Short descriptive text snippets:
========

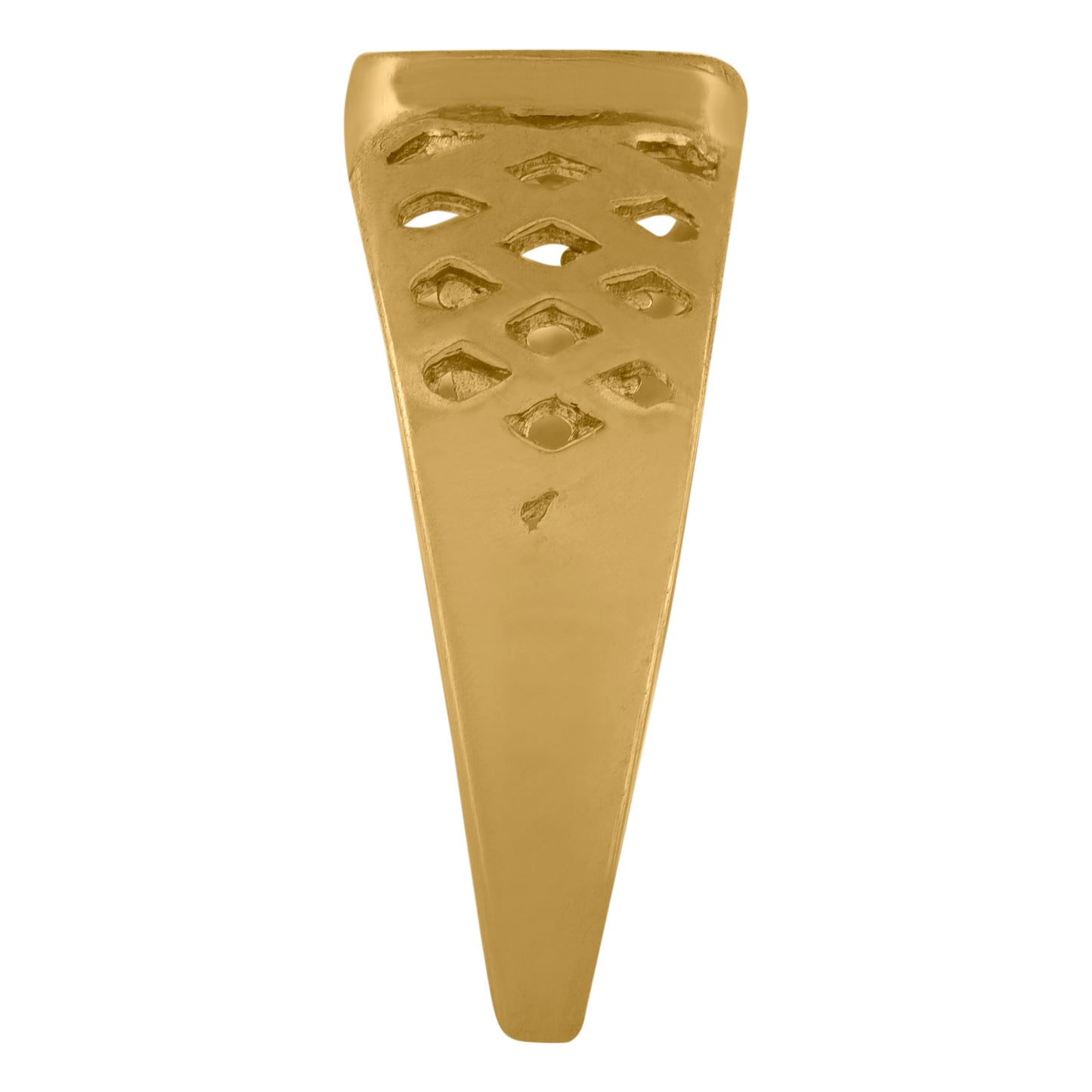 10Kt Gold Cz Baby Ring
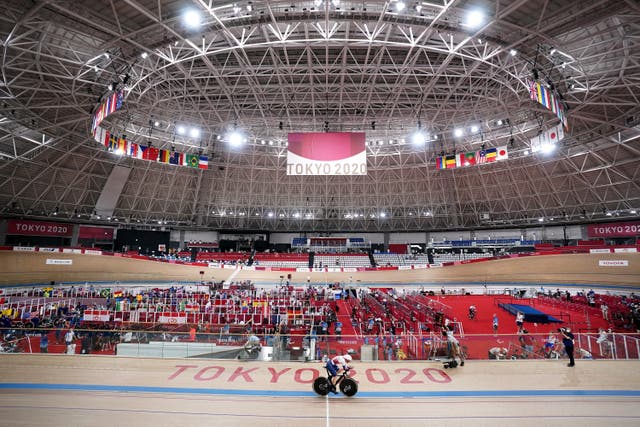 Great Britain’s Dame Sarah Storey set a world record (Tim Goode/PA)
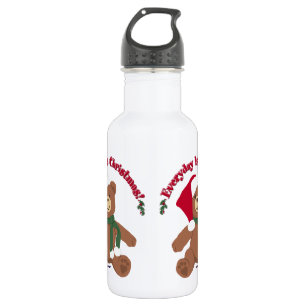 Jeder Tag Ist Weihnachten! WeihnachtsTeddybär Trinkflasche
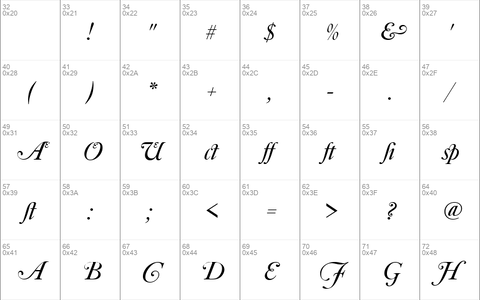 CaslonNo540SwaAltD Italic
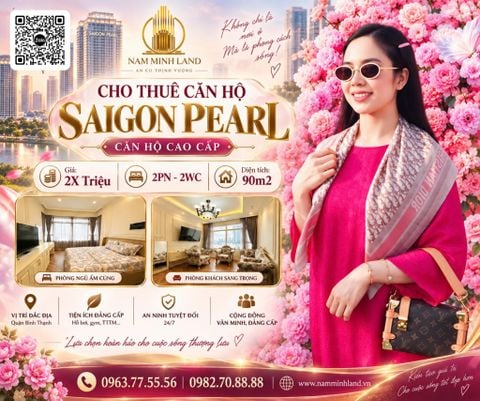  Cho thuê căn hộ Saigon Pearl - 2 phòng ngủ 90m2 - Một bước xuống phố, một bước về nhà 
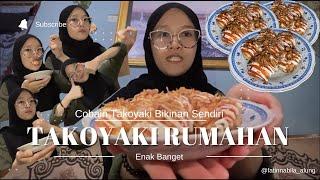 Takoyaki rumahan cuma 5K Enak banget️ isi Ayam dan Daun Bawang Bikin Ngiler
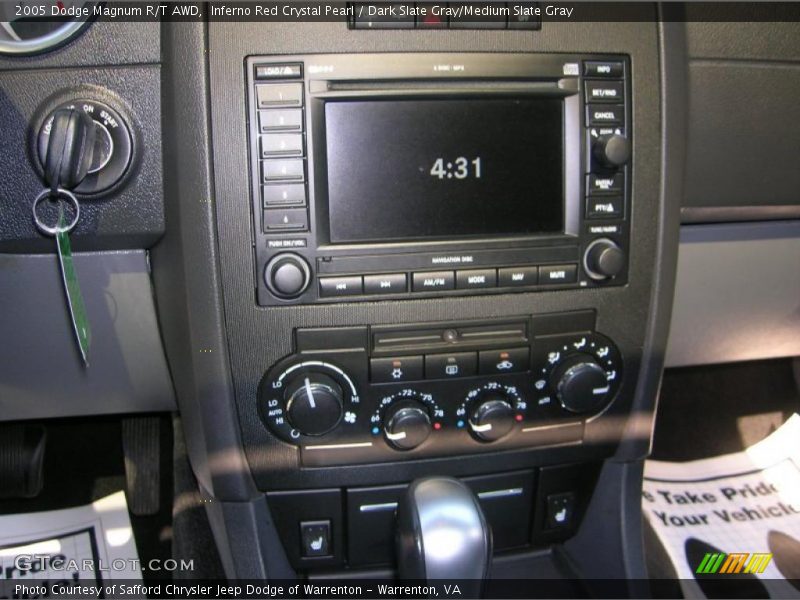 Inferno Red Crystal Pearl / Dark Slate Gray/Medium Slate Gray 2005 Dodge Magnum R/T AWD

========

The problem:
What are the lines from the one containing "Takoyaki rumahan cuma" through the end of the records? Write them out exactly, leaving out the pictures.

Exercise answer:
 Takoyaki rumahan cuma 5K Enak banget️ isi Ayam dan Daun Bawang Bikin Ngiler
 Inferno Red Crystal Pearl / Dark Slate Gray/Medium Slate Gray 2005 Dodge Magnum R/T AWD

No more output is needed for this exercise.